For several beats, Judge Varney hammered his gavel and called for order, and then he instructed the bailiffs to escort Rashawn’s mother from the court yet again.

Cece was having none of it and screeched and spit at Stefan before the bailiffs could get hold of her and muscle her out. Cece’s mother wept while her father held his wife and stared in loathing at my cousin.

After the session, Naomi emerged from the courthouse and tried to put a positive spin on the day for the reporters gathered out front.

She left them finally and came over to Bree, Pinkie, and me in the parking lot. My aunts and Nana Mama had gone home at lunch.
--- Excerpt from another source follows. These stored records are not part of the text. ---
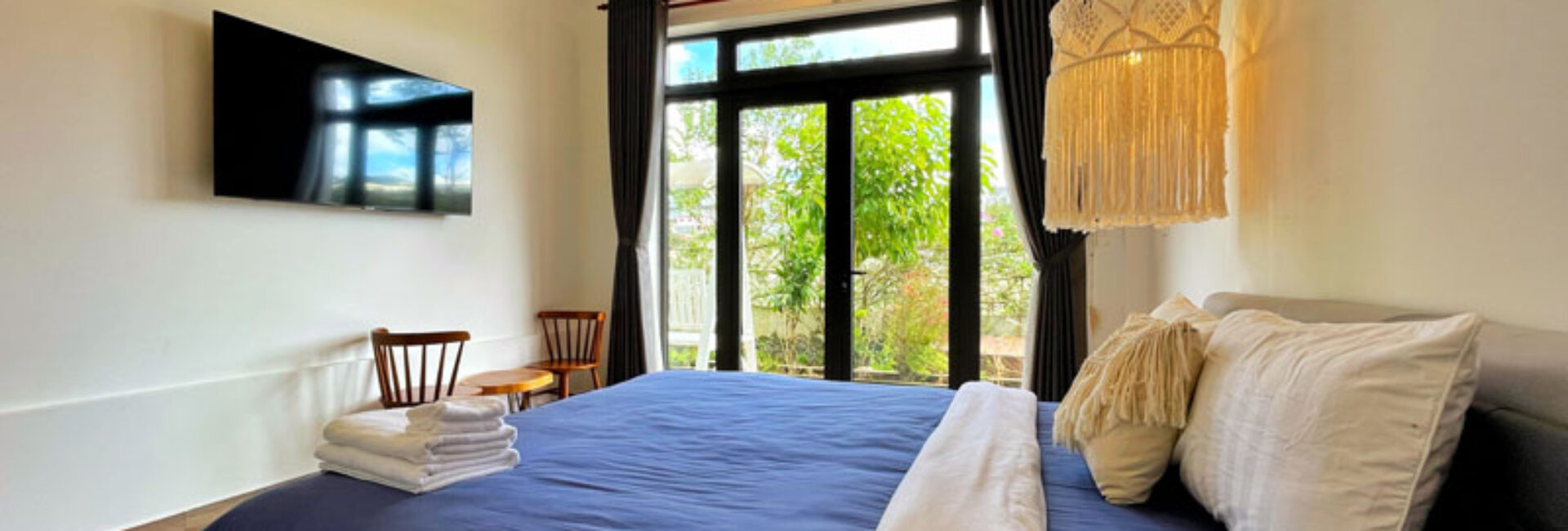 Phòng Deluxe Sân Vườn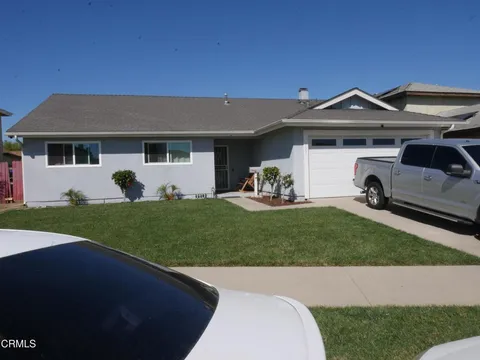 721 Helena Court, Oxnard, CA MLS: V1-28468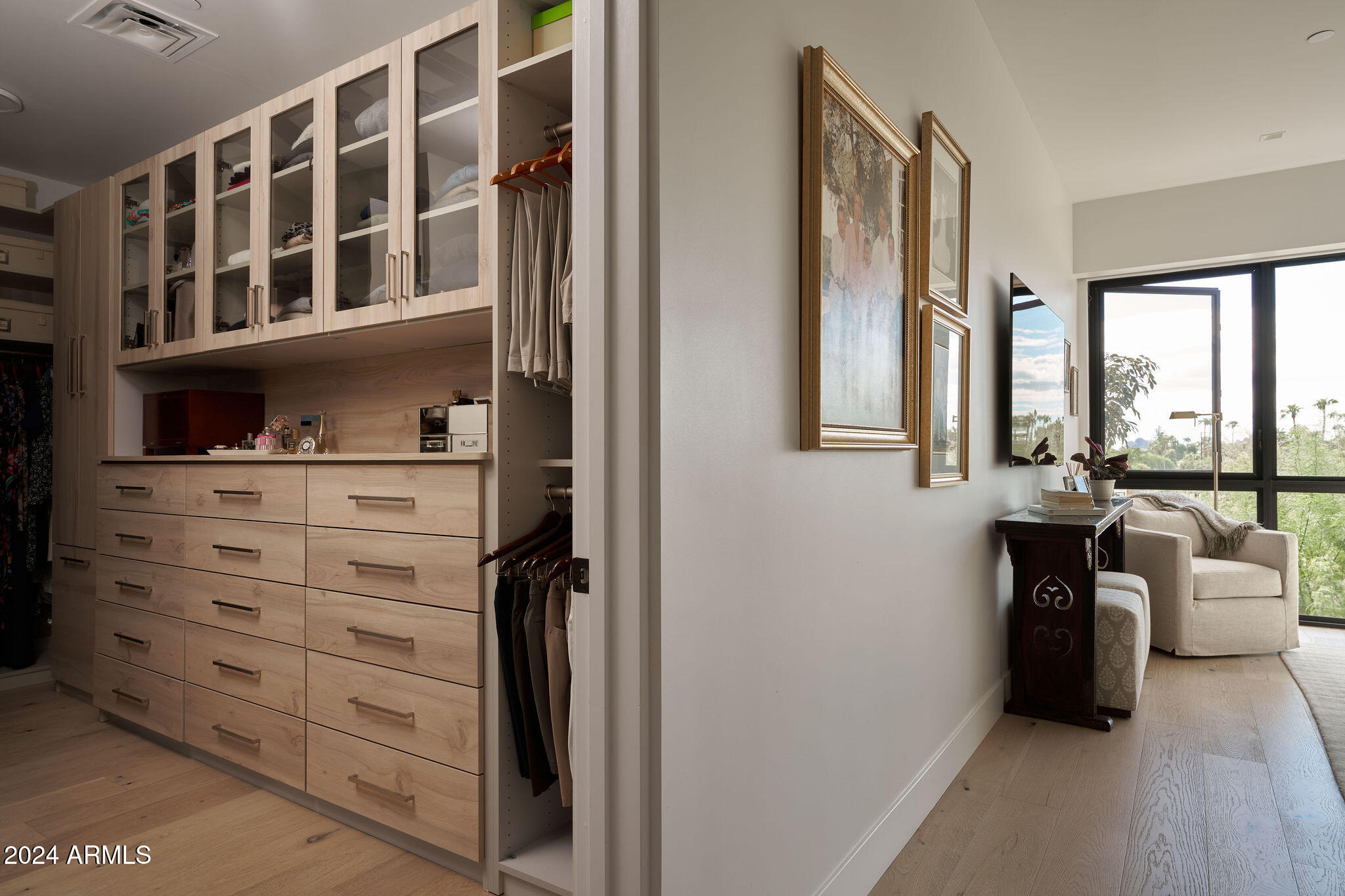 ASCENT AT THE PHOENICIAN GOLF VILLAS - Residential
Naomi said, “I know the judge instructed the jury to ignore Cece’s rant, but they’ll remember it.”

“They couldn’t help but remember it,” Bree said. “She left me shaking.”

Naomi looked away, wiped at her watering eyes. “Me too. I know it’s unprofessional of me, but I’m beginning to wonder whether Stefan did those things to Rashawn.”

“I am too,” said Patty Converse, who walked up to us. “I’m asking myself how I could have missed so much.”

“I’m considering whether or not to ask for a plea bargain,” Naomi said. “I know Matt Brady. He’ll be fair.”

“Don’t throw in the towel just yet,” I said.

“We’ve got nothing to refute Stefan’s being at the crime scene,” Naomi said. “They’ve got his DNA all over the place.”

Before I could respond to that, my phone rang, and I turned away. It was Coach Greene calling.

“You don’t know how much I hate to say this, Dr. Cross, but I just received a call from Detective Pedelini with the sheriff’s office. The blood and urine tests on your daughter both came back positive for cocaine and methamphetamine. I’m afraid Jannie can’t continue training with us, and Duke will be withdrawing its offer of a scholarship.”